Material provided =>
[Start of section]

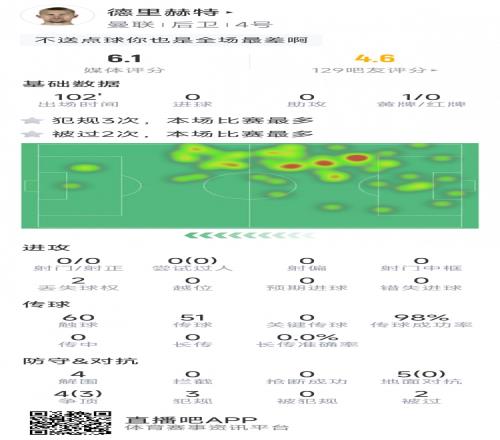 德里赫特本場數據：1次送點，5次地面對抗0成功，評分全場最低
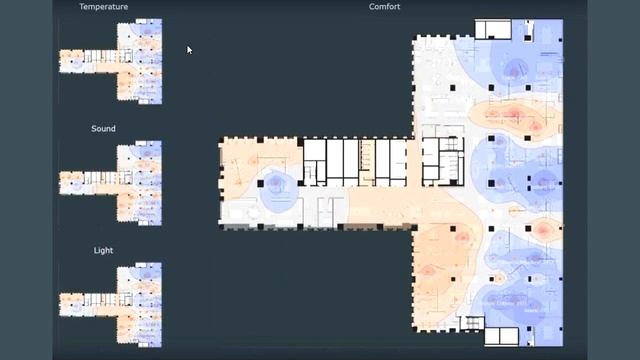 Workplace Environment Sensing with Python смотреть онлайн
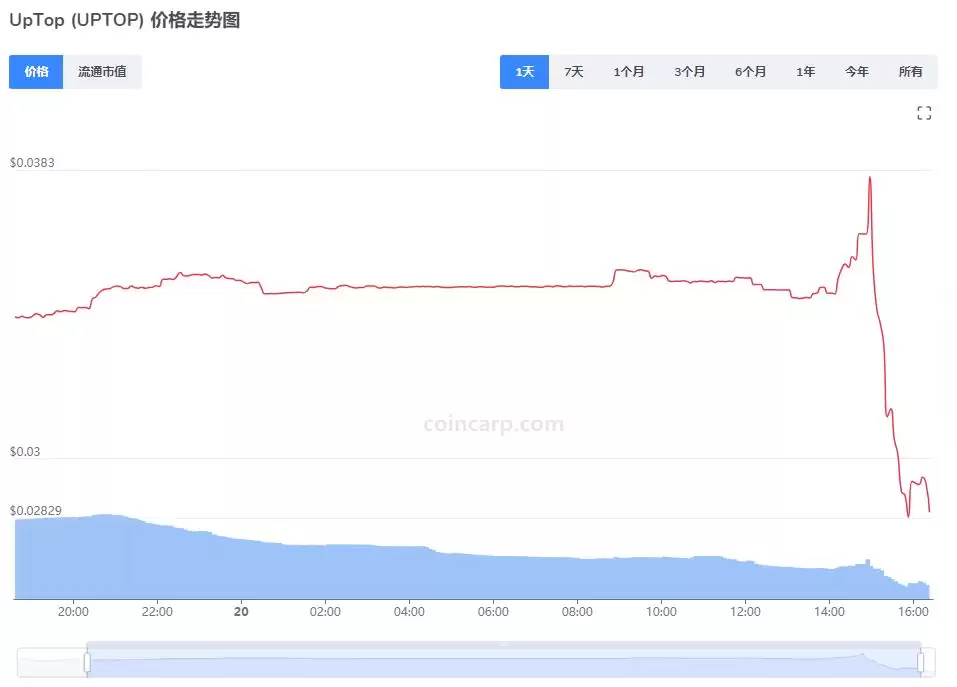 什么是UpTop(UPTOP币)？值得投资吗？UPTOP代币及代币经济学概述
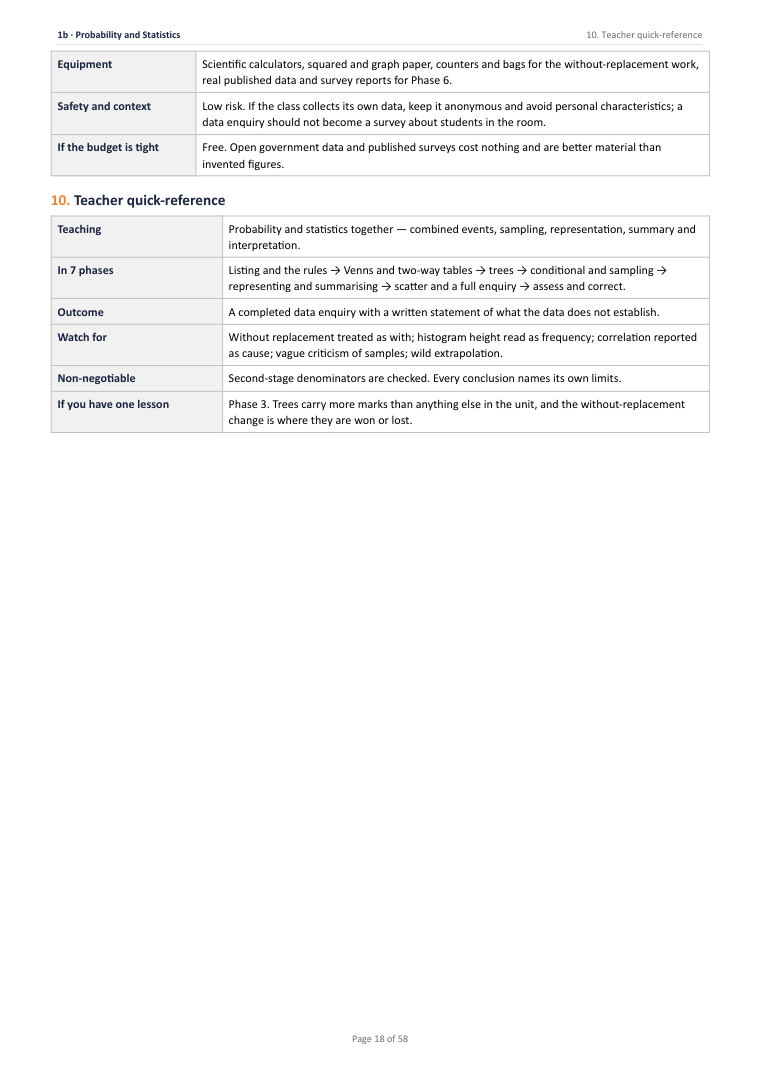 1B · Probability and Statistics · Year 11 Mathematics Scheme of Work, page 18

[End of section]
[Start of section]

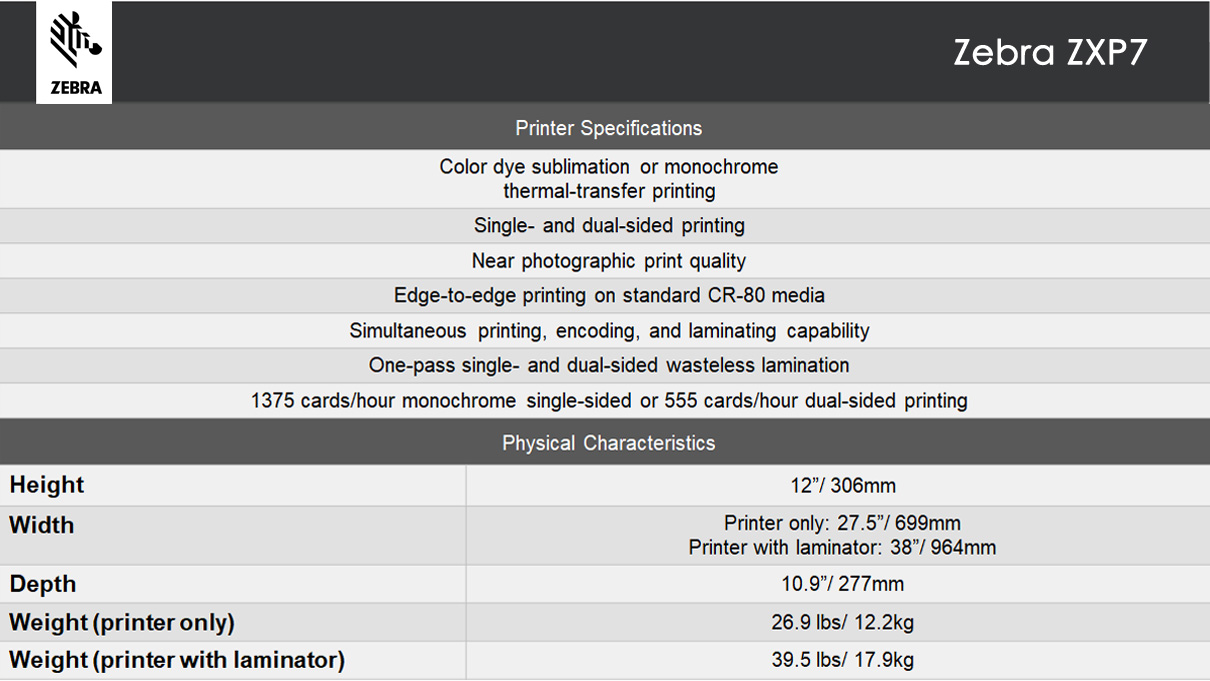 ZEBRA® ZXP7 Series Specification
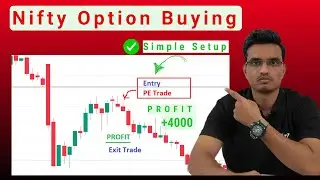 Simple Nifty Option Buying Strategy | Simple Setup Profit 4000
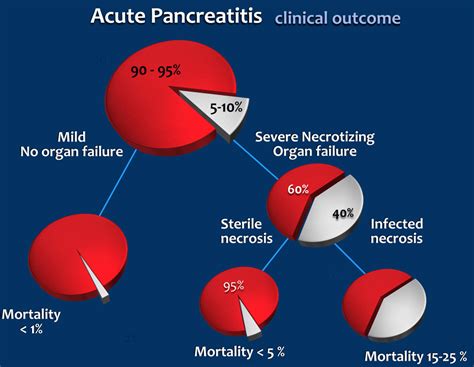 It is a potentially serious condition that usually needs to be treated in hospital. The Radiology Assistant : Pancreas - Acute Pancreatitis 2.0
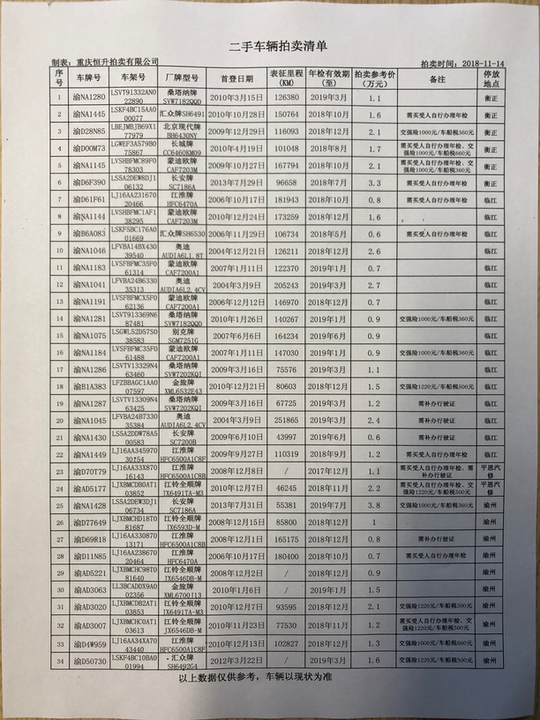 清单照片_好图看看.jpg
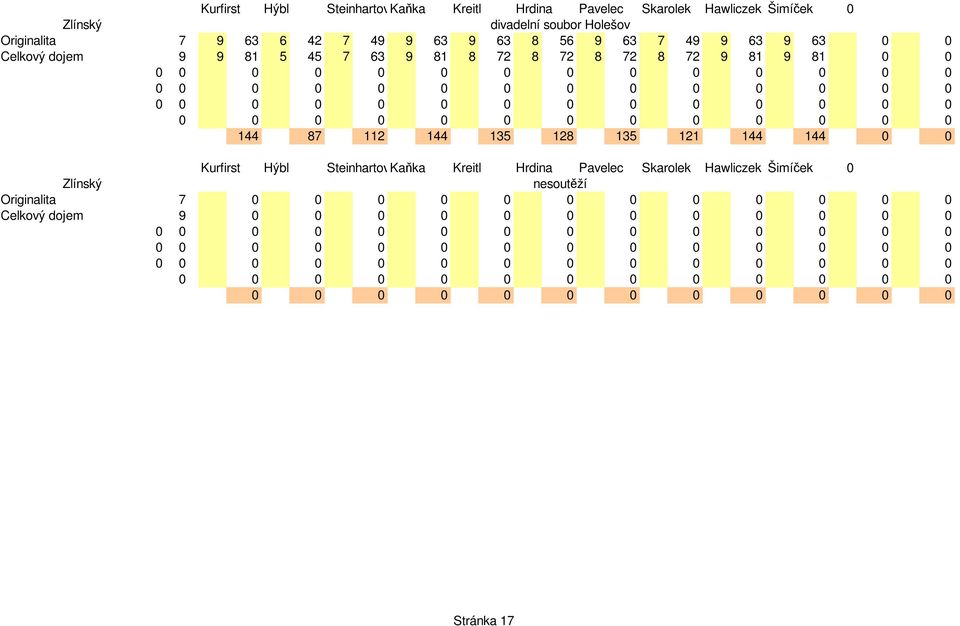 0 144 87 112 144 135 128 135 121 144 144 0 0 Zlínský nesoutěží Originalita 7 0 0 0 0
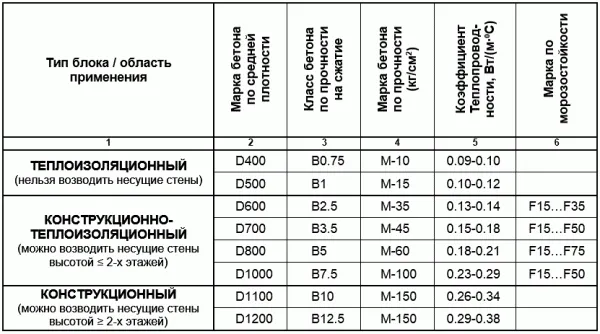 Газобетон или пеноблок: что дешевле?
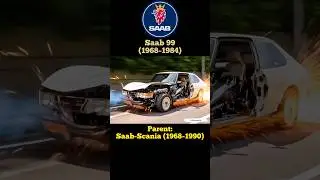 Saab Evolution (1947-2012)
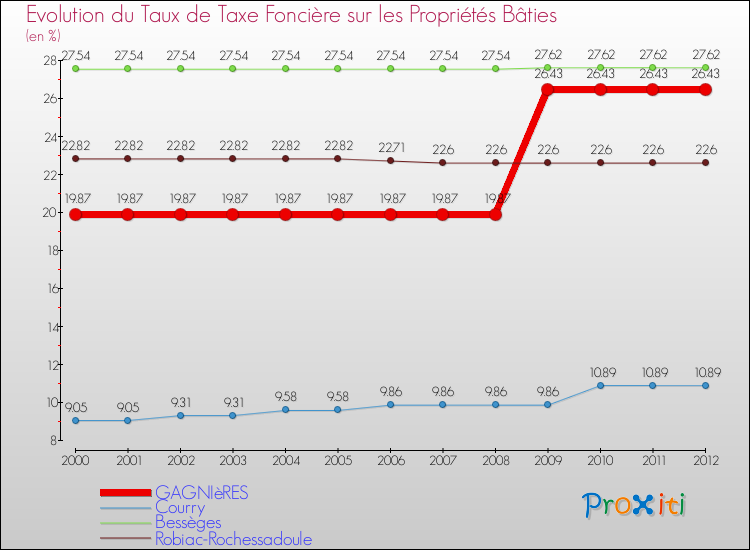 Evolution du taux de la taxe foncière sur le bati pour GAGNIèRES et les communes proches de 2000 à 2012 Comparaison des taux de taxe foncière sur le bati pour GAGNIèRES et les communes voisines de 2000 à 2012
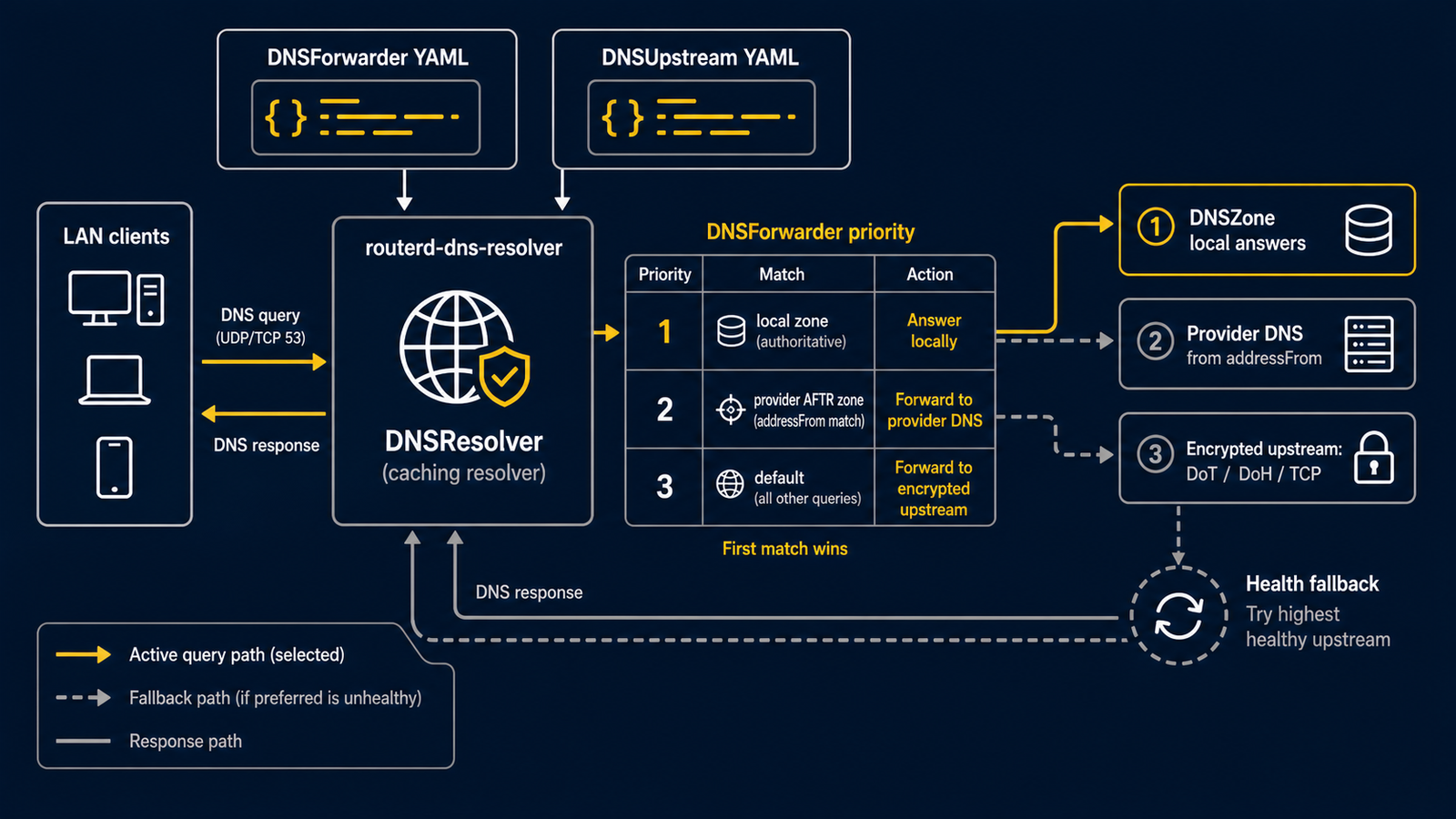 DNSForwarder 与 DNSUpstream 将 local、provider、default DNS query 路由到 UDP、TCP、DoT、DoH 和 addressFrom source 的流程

[End of section]

What to work on =>
From the records above, give again only the part that opens with the line containing "什么是UpTop(UPTOP币)？值得投资吗？UPTOP代币及代币经济学概述" and closes with the line containing "1B · Probability". Keep both ends but drop the pictures.

Written reply =>
 什么是UpTop(UPTOP币)？值得投资吗？UPTOP代币及代币经济学概述
 1B · Probability and Statistics · Year 11 Mathematics Scheme of Work, page 18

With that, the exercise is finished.